**Given : **A and B appear for an interview ,then P(A) = \(\frac{1}{6}\) and P(B) = \(\frac{1}{4}\)

\(\Rightarrow\) P(\(\overline A\)) = \(\frac{5}{6}\) and P(\(\overline B\)) = \(\frac{3}{4}\)

Also, A and B are independent .A and not B are independent, not A and B are independent.

**To Find: **

**(i)** The probability that both of them are selected.

We know that, P( both of them are selected) = P(A ∩ B) = P(A) x P(B)

= \(\frac{1}{6}\times\frac{1}{4}\)

= \(\frac{1}{24}\)

**Therefore ,** The probability that both of them are selected is \(\frac{1}{24}\)

**(ii) **P(only one of them is selected) = P(A and not B or B and not A)

= P(A and not B) + (B and not A)

= P( A ∩ \(\overline B\)) + P(B ∩ \(\overline A\))

= \(\frac{1}{3}\)

**Therefore,** the probability that only one of them Is selected is\(\frac{1}{3}\)

**(iii)** none is selected

we know that P(none is selected) = P(\(\overline A\cap \overline B\))

= P(\(\overline A\)) x P(\(\overline B\))

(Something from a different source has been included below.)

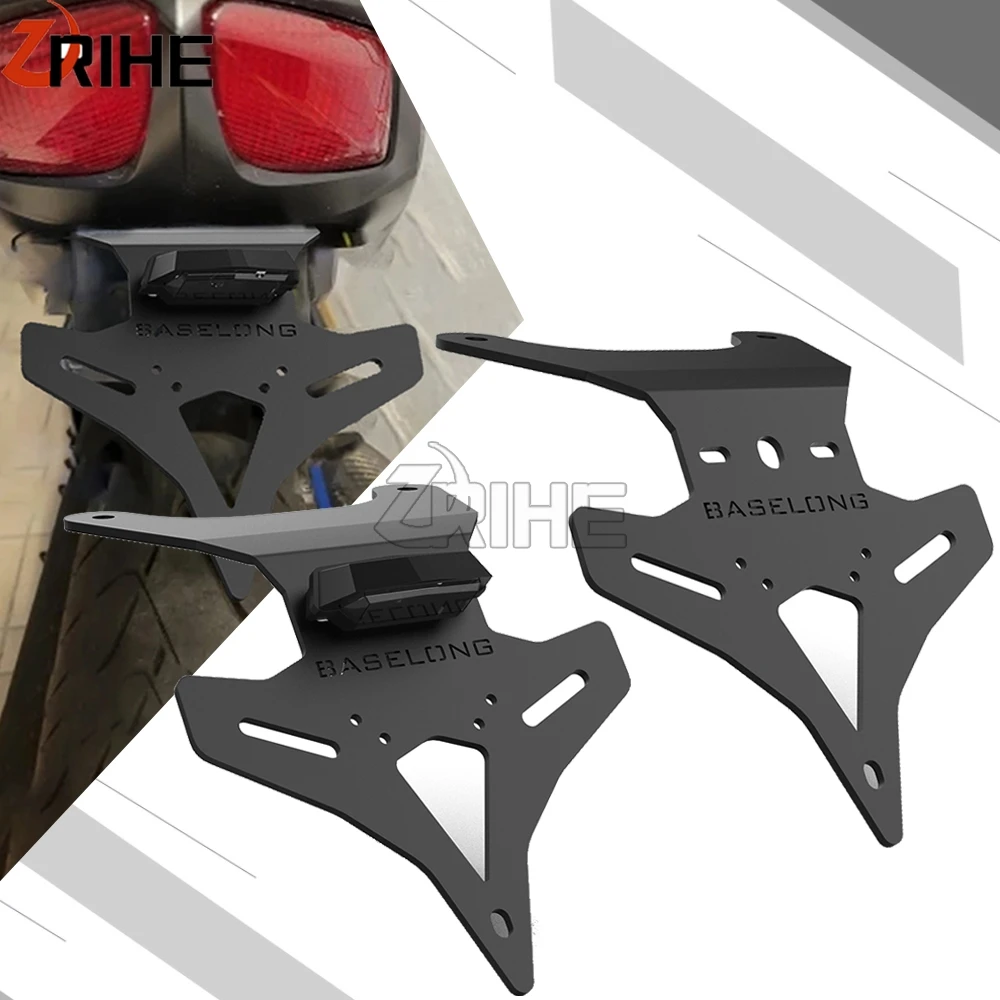 

For Suzuki DR650 / S / SE 1996 - 2024 2023 2022 2025 2026 Motorcycle Led License Plate Bracket Holder Accessories DR650S DR650SE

= \(\frac{5}{6}\times\frac{3}{4}\)

= \(\frac{5}{8}\)

**Therefore , **the probability that none is selected is\(\frac{5}{8}\)

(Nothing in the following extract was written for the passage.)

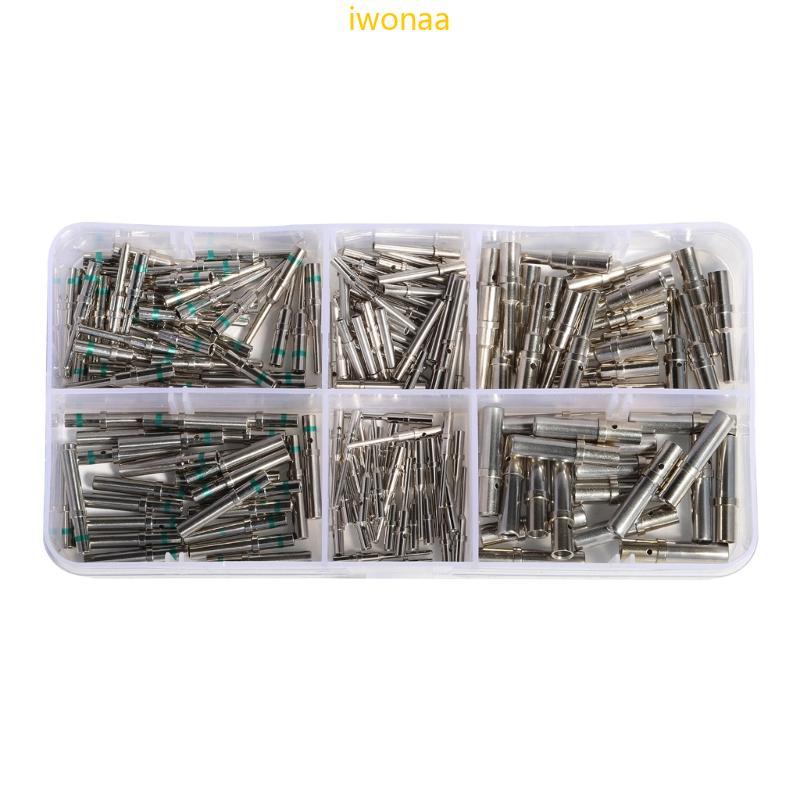 Iwo ขนาด 12 16 20 Deutsch Pin Connectors Kit Solid Contacts สําหรับ Auto Pin และอะแดปเตอร์รายชื่อสํา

**(iv) **atleast one of them is selected

Now, P(atleast one of them is selected)

= P(selecting only A ) + P(selecting only B) + P(selecting both)

= P(A and not B) + P (B and not A) + P (A and B)

= \(\frac{3}{8}\)

**Therefore,** the probability that atleast one of them is selected is\(\frac{3}{8}\)